Cosmetics are a category of widely consumed and distributed products, and their manufacture is always subject to specific guidelines. Quality Control (QC) tests provide information supporting the absence of injurious organisms and regarding the microbiological stability of cosmetics. The microbiological risk analysis is typically performed using the plate count method, which is a time-consuming and operator-dependent approach. Molecular technologies allow a deeper and more sensitive testing than traditional cultures. The demand for rapid and sensitive methods is recently increasing. The aim of our study was to compare different DNA extraction methods in order to detect and quantify bacterial load in cosmetics using a qPCR system. Known numbers of microorganisms were spiked into six different cosmetics to simulate contaminated samples. DNA was extracted with seven extraction kits and then quantified by real-time qPCR. Results revealed differences in terms of cell recovery, DNA yield, and quality. The bead-beating approaches were the most suitable in our molecular workflow and lead to good quality DNA for analysis by qPCR within four hours. Combined with mechanical extraction, qPCR may represent an efficient and easy method for microorganism identification in cosmetics, and can be automated. This approach also is also applicable for the detection of probiotics used as beneficial biological components in cosmetic products. The results of our molecular method provided preliminary evidences for the rapid identification of cells (10–100) and nucleic acids in complex preparations employed for human health, in compliance with regulatory limits. The suggested methodology is easy, fast, and sensitive. Its scalability allows serial microbiological evaluation at every manufacturing step.

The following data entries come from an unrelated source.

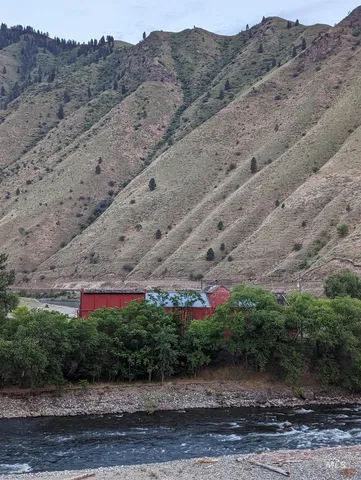 $9,995,000 | The Confluence The Confluence Salmon River Road, Riggins, ID 83549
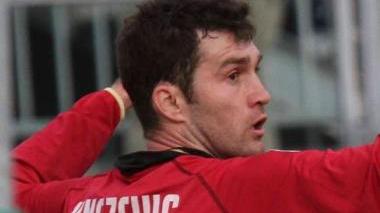 <b>PRESENTE. </b>Knezevic migliora e dovrebbe farcela a destra: un tiro di Dionisi nel match di andata
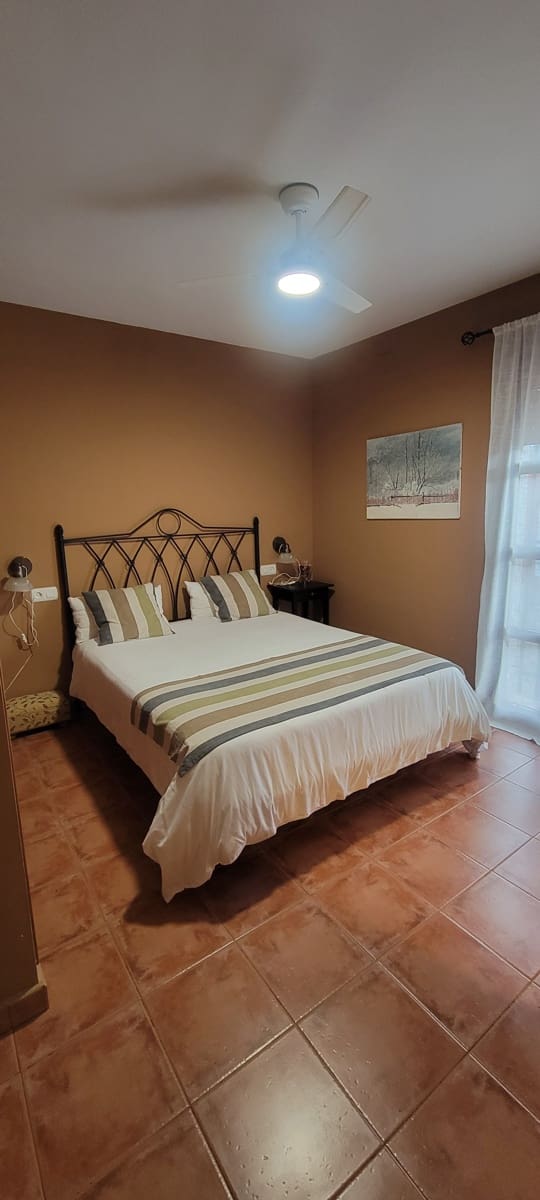 3 bedroom Finca/Country House for sale in Trujillo with pool garage - € 300,000 (Ref: 9719352)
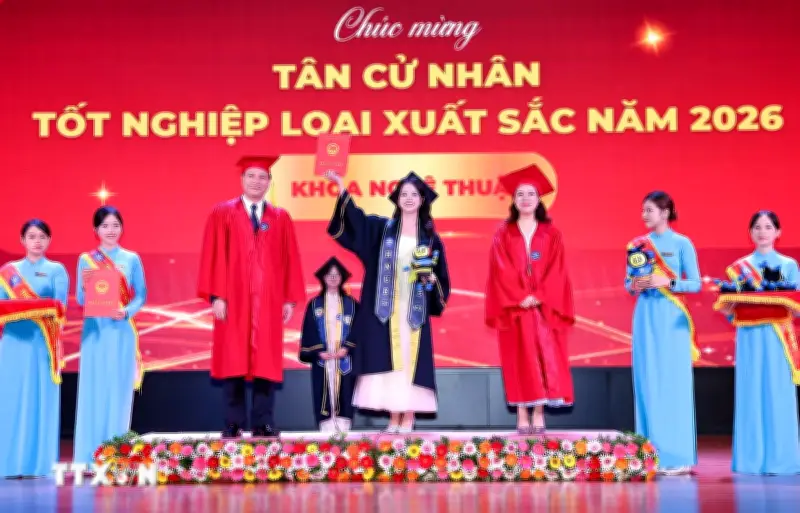 Trường ĐH Sư phạm Hà Nội trao bằng cử nhân tốt nghiệp năm 2026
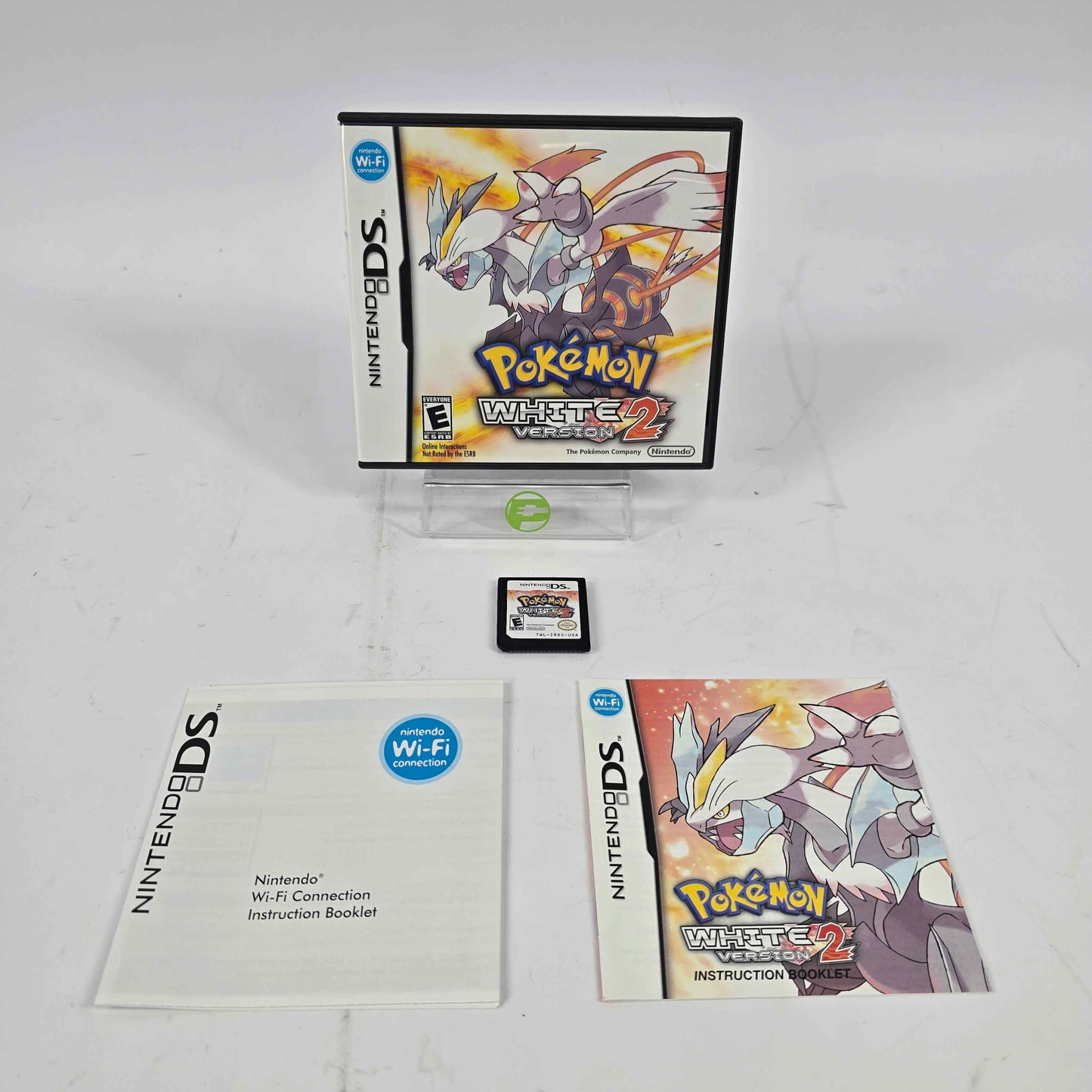Pokemon White Version 2 Nintendo DS Complete CIB (Nintendo DS, 2012)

Ultrasound guided minimally invasive autopsies: combining imaging and pathology to characterize the systemic involvement of COVID-19 infection

Post mortem tissue sampling is of paramount importance to conduct in-situ and molecular studies of COVID-19. Ultrasound-based minimally invasive autopsies (MIA/US) is an inexpensive procedure to obtain tissue samples of several organs and, at the same time, reduce the risks of the autopsy procedure in situations of high contagiousness. The images obtained by ultrasound are good enough to localize and orient the sampling, and to select the most affected areas within each organ. The amount of tissue sampled is adequate for histological and molecular studies and microorganism identification, and delivers information within a rapid time window. The combination of the aforementioned aspects may extend the possibility of conducting autopsies in different parts of the world, perhaps helping to understand local characteristics of COVID-19 infections, within an extended range of genetic, social and economic diversity.